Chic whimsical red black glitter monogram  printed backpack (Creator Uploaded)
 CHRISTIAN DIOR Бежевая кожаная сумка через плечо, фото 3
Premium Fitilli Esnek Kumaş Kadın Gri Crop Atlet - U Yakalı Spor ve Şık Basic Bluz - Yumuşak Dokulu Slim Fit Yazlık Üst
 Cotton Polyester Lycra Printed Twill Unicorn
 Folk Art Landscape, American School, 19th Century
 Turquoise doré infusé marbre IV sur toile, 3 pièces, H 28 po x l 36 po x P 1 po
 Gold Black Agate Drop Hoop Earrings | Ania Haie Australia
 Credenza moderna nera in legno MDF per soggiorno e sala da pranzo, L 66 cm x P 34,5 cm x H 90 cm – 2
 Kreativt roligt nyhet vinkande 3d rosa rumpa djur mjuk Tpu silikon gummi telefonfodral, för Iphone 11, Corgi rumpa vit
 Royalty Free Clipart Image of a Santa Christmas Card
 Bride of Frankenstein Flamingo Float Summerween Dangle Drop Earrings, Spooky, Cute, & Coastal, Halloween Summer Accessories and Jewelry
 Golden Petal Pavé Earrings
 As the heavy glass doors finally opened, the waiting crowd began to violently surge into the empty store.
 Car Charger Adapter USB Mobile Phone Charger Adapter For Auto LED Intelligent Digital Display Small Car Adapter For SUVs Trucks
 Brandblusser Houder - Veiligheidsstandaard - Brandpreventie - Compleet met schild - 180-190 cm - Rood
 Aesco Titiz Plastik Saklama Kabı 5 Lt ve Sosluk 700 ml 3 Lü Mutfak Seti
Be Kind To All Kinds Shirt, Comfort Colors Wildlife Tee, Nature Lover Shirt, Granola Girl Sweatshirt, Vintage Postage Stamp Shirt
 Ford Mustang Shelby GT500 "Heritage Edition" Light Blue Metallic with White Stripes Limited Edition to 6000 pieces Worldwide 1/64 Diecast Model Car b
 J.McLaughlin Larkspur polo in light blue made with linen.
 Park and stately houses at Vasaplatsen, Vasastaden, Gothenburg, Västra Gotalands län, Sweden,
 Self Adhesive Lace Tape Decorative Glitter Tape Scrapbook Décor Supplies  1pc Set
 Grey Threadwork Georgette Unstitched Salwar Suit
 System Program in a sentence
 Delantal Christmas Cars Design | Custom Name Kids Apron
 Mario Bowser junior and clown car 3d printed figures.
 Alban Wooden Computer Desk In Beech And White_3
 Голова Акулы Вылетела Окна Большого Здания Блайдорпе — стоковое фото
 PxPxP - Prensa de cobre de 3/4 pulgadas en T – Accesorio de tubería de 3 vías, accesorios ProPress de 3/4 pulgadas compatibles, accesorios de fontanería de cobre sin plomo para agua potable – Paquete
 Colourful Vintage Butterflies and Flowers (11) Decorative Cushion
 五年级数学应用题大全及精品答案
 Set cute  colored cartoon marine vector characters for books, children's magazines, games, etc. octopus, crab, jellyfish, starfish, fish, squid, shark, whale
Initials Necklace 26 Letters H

WHAT THE EXERCISE ASKS -
Would you write out all of the data again, unchanged?

RESULT BELOW -
Chic whimsical red black glitter monogram  printed backpack (Creator Uploaded)
 CHRISTIAN DIOR Бежевая кожаная сумка через плечо, фото 3
Premium Fitilli Esnek Kumaş Kadın Gri Crop Atlet - U Yakalı Spor ve Şık Basic Bluz - Yumuşak Dokulu Slim Fit Yazlık Üst
 Cotton Polyester Lycra Printed Twill Unicorn
 Folk Art Landscape, American School, 19th Century
 Turquoise doré infusé marbre IV sur toile, 3 pièces, H 28 po x l 36 po x P 1 po
 Gold Black Agate Drop Hoop Earrings | Ania Haie Australia
 Credenza moderna nera in legno MDF per soggiorno e sala da pranzo, L 66 cm x P 34,5 cm x H 90 cm – 2
 Kreativt roligt nyhet vinkande 3d rosa rumpa djur mjuk Tpu silikon gummi telefonfodral, för Iphone 11, Corgi rumpa vit
 Royalty Free Clipart Image of a Santa Christmas Card
 Bride of Frankenstein Flamingo Float Summerween Dangle Drop Earrings, Spooky, Cute, & Coastal, Halloween Summer Accessories and Jewelry
 Golden Petal Pavé Earrings
 As the heavy glass doors finally opened, the waiting crowd began to violently surge into the empty store.
 Car Charger Adapter USB Mobile Phone Charger Adapter For Auto LED Intelligent Digital Display Small Car Adapter For SUVs Trucks
 Brandblusser Houder - Veiligheidsstandaard - Brandpreventie - Compleet met schild - 180-190 cm - Rood
 Aesco Titiz Plastik Saklama Kabı 5 Lt ve Sosluk 700 ml 3 Lü Mutfak Seti
Be Kind To All Kinds Shirt, Comfort Colors Wildlife Tee, Nature Lover Shirt, Granola Girl Sweatshirt, Vintage Postage Stamp Shirt
 Ford Mustang Shelby GT500 "Heritage Edition" Light Blue Metallic with White Stripes Limited Edition to 6000 pieces Worldwide 1/64 Diecast Model Car b
 J.McLaughlin Larkspur polo in light blue made with linen.
 Park and stately houses at Vasaplatsen, Vasastaden, Gothenburg, Västra Gotalands län, Sweden,
 Self Adhesive Lace Tape Decorative Glitter Tape Scrapbook Décor Supplies  1pc Set
 Grey Threadwork Georgette Unstitched Salwar Suit
 System Program in a sentence
 Delantal Christmas Cars Design | Custom Name Kids Apron
 Mario Bowser junior and clown car 3d printed figures.
 Alban Wooden Computer Desk In Beech And White_3
 Голова Акулы Вылетела Окна Большого Здания Блайдорпе — стоковое фото
 PxPxP - Prensa de cobre de 3/4 pulgadas en T – Accesorio de tubería de 3 vías, accesorios ProPress de 3/4 pulgadas compatibles, accesorios de fontanería de cobre sin plomo para agua potable – Paquete
 Colourful Vintage Butterflies and Flowers (11) Decorative Cushion
 五年级数学应用题大全及精品答案
 Set cute  colored cartoon marine vector characters for books, children's magazines, games, etc. octopus, crab, jellyfish, starfish, fish, squid, shark, whale
Initials Necklace 26 Letters H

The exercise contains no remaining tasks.